• ACTIVITY
Given the entries that follow, write out exactly the lines starting at the one containing "ネイル ハンドネイル ハンドケア ネイル＆アイラッシュ ∩_∩アオイのネイルデザイン" and ending at the one containing "Support Mural pour", both ends included, and only those.

• INFORMATION SHOWN
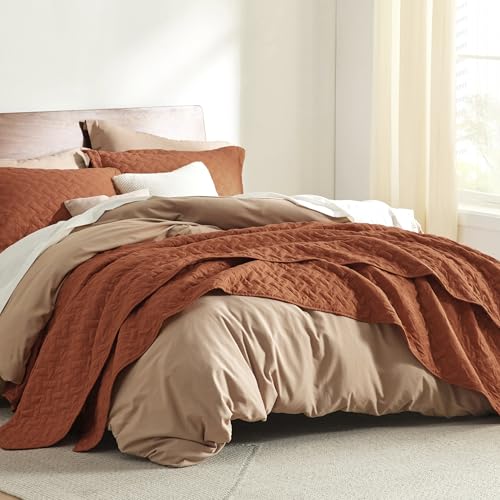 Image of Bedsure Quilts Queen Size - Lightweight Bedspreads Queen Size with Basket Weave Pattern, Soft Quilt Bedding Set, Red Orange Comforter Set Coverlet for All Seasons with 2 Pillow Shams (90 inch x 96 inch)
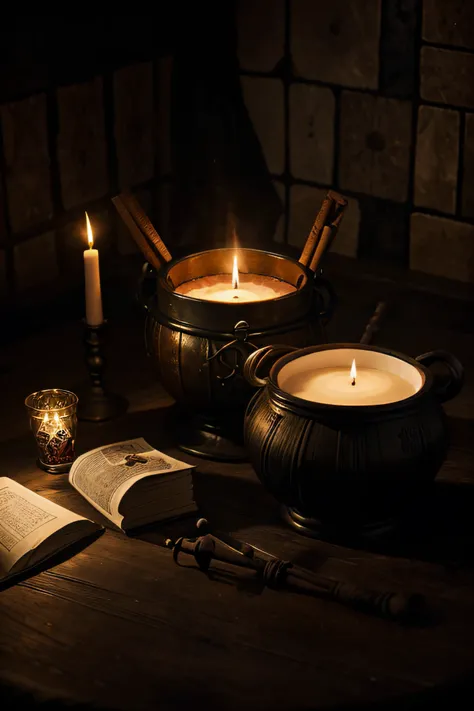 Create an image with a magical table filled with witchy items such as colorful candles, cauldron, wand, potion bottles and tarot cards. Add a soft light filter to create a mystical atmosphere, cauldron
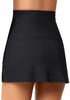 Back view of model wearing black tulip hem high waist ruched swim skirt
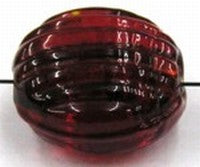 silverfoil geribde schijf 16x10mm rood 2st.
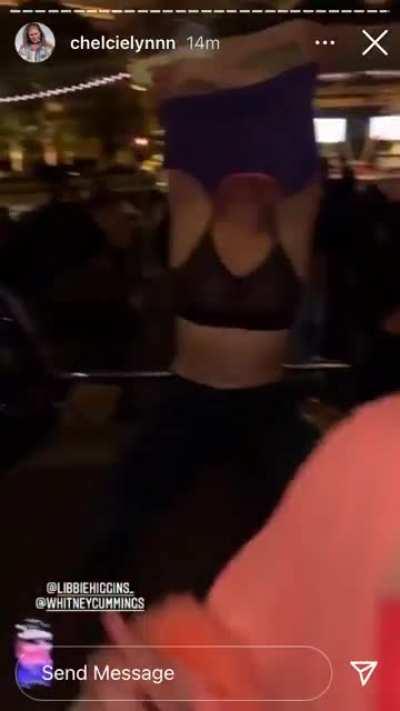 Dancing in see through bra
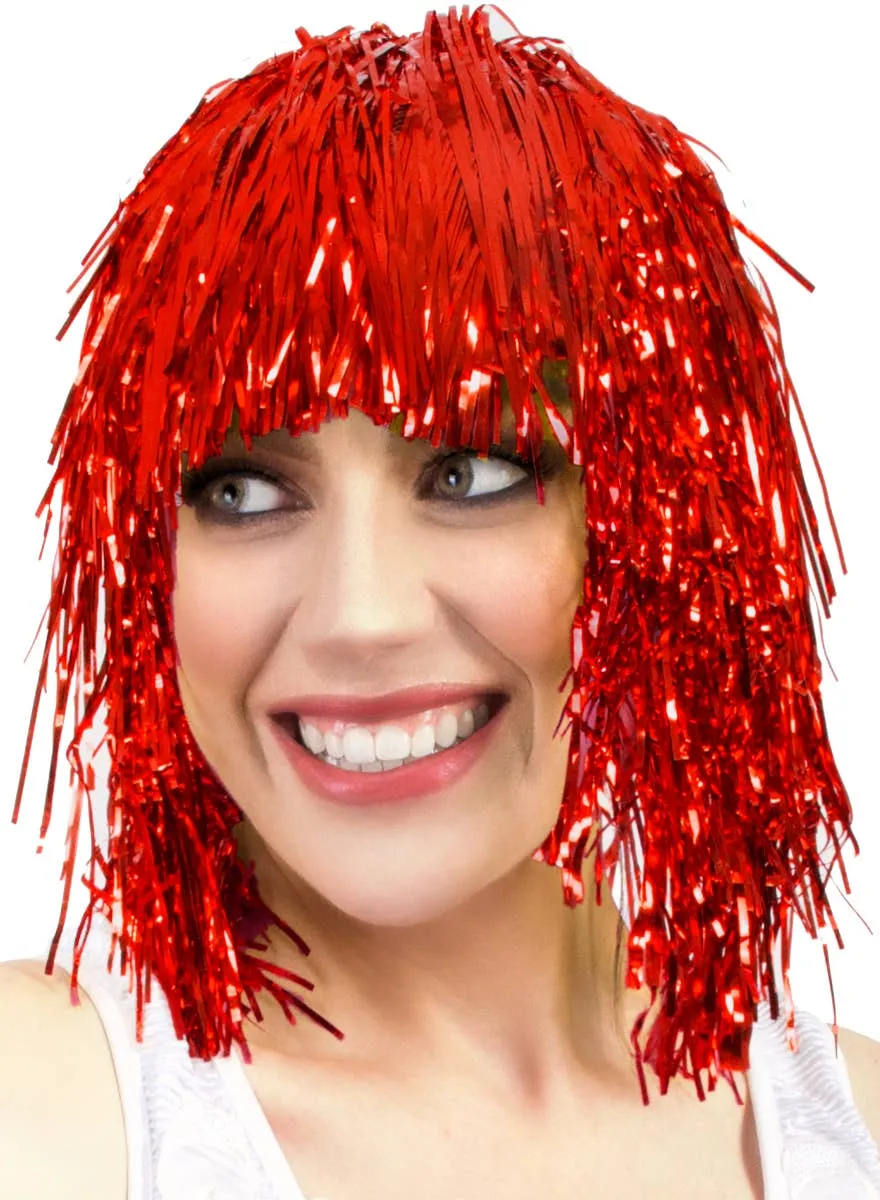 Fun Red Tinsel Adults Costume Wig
--
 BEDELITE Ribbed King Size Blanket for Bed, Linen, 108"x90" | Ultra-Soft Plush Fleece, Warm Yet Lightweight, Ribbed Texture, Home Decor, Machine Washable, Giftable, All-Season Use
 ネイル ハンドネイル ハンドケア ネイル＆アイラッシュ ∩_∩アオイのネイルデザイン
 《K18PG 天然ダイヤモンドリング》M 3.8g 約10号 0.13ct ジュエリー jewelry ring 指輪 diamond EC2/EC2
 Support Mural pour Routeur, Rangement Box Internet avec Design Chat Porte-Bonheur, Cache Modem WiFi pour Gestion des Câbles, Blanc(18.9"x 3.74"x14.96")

• FINISHED EXERCISE
 ネイル ハンドネイル ハンドケア ネイル＆アイラッシュ ∩_∩アオイのネイルデザイン
 《K18PG 天然ダイヤモンドリング》M 3.8g 約10号 0.13ct ジュエリー jewelry ring 指輪 diamond EC2/EC2
 Support Mural pour Routeur, Rangement Box Internet avec Design Chat Porte-Bonheur, Cache Modem WiFi pour Gestion des Câbles, Blanc(18.9"x 3.74"x14.96")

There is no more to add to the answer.